The first story with the Living Lightning (whom I tied in with the Legion of Living Lightning, partly to acknowledge the name's ultimate source) was drawn by Paul Ryan in AVENGERS WEST COAST #63... but, while Paul was a splendid artist, I was unhappy with the way LL looked in that story. I had wanted a real "crackle" to him... his human figure far less "contained" by his electrical aura than, say, the Torch's was by his flame aura. I wanted the electricity to look as if it were constantly seeking to escape the bonds of the human figure, so that as he flew his legs basically disappeared into a Mighty-Mouse-like trail of electrical crackle. That look was achieved perfectly with Canadian artist Dave Ross drew him, starting in AVENGERS WEST COAST #74."

==Publication history==
Living Lightning first appeared in the story "When Lives the Lightning" in Avengers West Coast #63 (October, 1990), written by Dann Thomas and Roy Thomas, and illustrated by Paul Ryan. From 1991 to 1994, he began as an enemy of Avengers West Coast in Avengers West Coast #71–73 then became a member of the team and has made nineteen other appearances in this series with #74–80, #82, #84–90, #92, #96, #100, #102 and two in Avengers West Coast Annual #7–8.

In 1992, as an Avenger, he appeared in other titles of the crossover Operation: Galactic Storm with The Avengers #345, #347, Captain America #401, Quasar #33, Thor #445–446 and Wonder Man vol.2 #8–9.

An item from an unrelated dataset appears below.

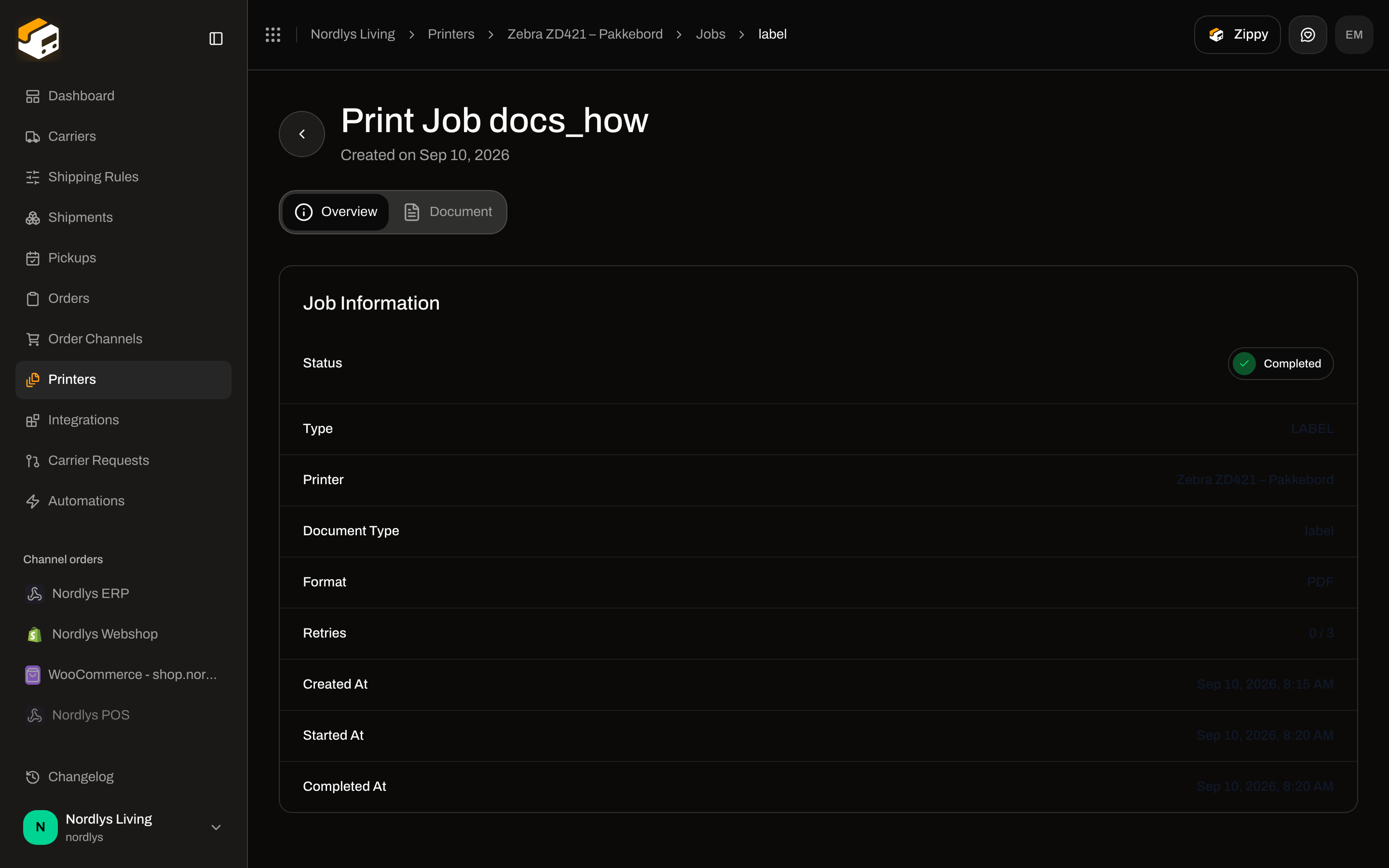 Print job detail Overview with Job Information rows for status, type, printer, and format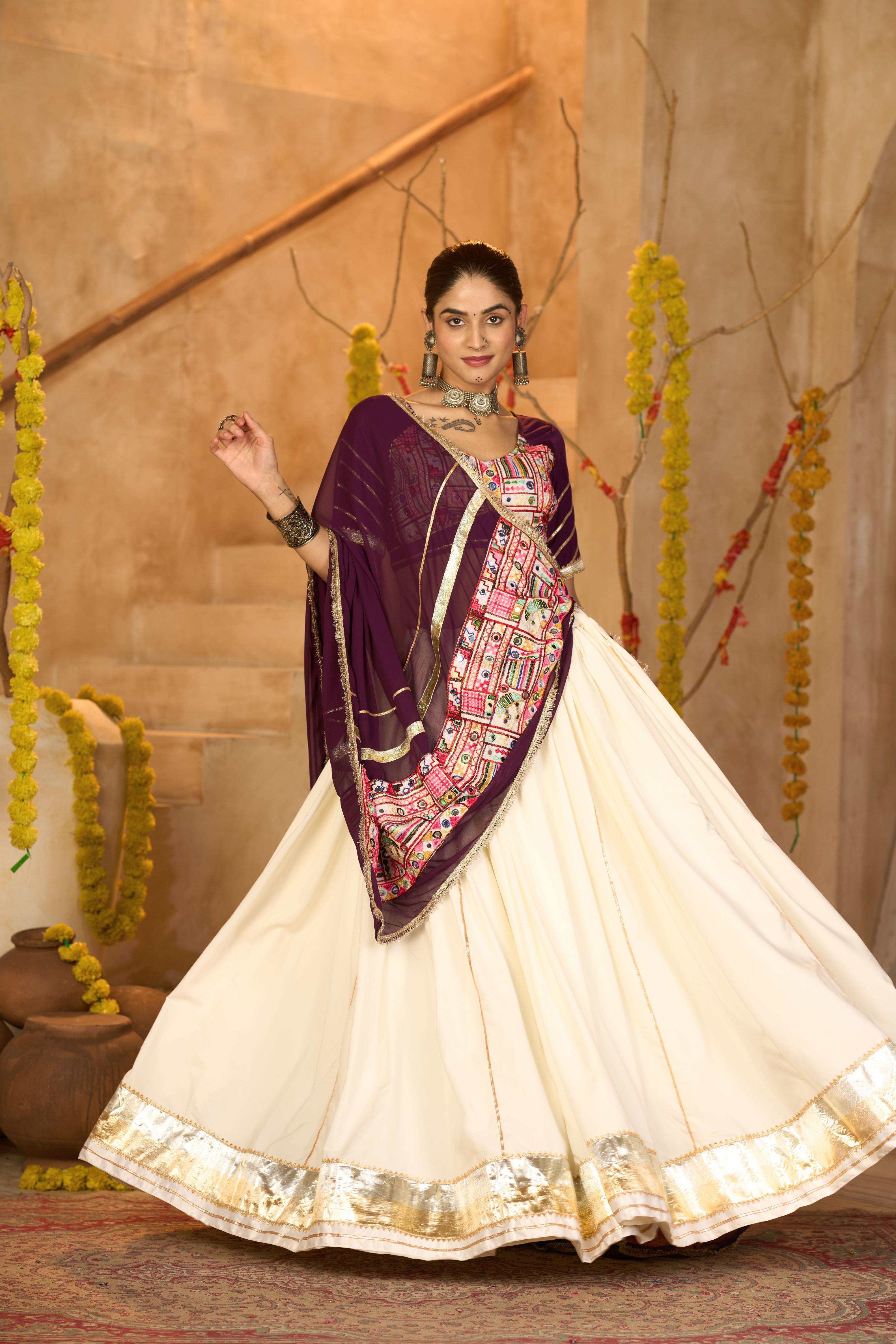 Off White Crepe Embroidery Lehenga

During the same year, Miguel Santos played a role in the comic book limited series Infinity War with #1–3, 6 and several tie-ins. In 1993, he appeared in the sequel, Infinity Crusade with #1, #3–5 and the tie-in Web of Spider-Man with #104, #106.

In 1998, Living Lightning appeared in The Avengers #1–3.

In 2005, he made a brief appearance in GLA #2 written by Dan Slott, in which Living Lightning is revealed to be gay.

From 2006 to 2008, Miguel Santos played a role in the events of Civil War. He appeared in Civil War #4–6, The Amazing Spider-Man #537, Civil War: Battle Damage Report #1, Civil War: Front Line #11 and Civil War Chronicles #6. Living Lightning has been identified as one of the 142 registered superheroes who appear on the cover of the comic book Avengers: The Initiative #1. The character became a member of the Rangers and appeared in the issues #2 (July 2007) and #19 (January 2009) of this series.

In 2009, he made two appearances in the series Avengers Unconquered with the episodes #4 and #6. This series is a part of Marvel UK's 'Collectors' Edition' line. It is published by Panini Comics and reprints Marvel Comics from the United States.

In 2012, writer Chris Yost chose the Texas team the Rangers to come into conflict with Houston's new superhero Scarlet Spider in the story "The Second Master" in Scarlet Spider #7–9. In an interview with Comic Book Resources, at a question about the antagonists in the story, Chris Yost answered "You'll also be seeing a well known super-hero group from the American southwest named – wait for it – The Rangers! Texas Twister! Shooting Star! Red Wolf! Living Lightning! Firebird! Even a new hero or two! And spoiler alert – Scarlet Spider will fight them."

Living Lightning was featured as a main character during the 2018 storyline "No Surrender" in Avengers #675-690.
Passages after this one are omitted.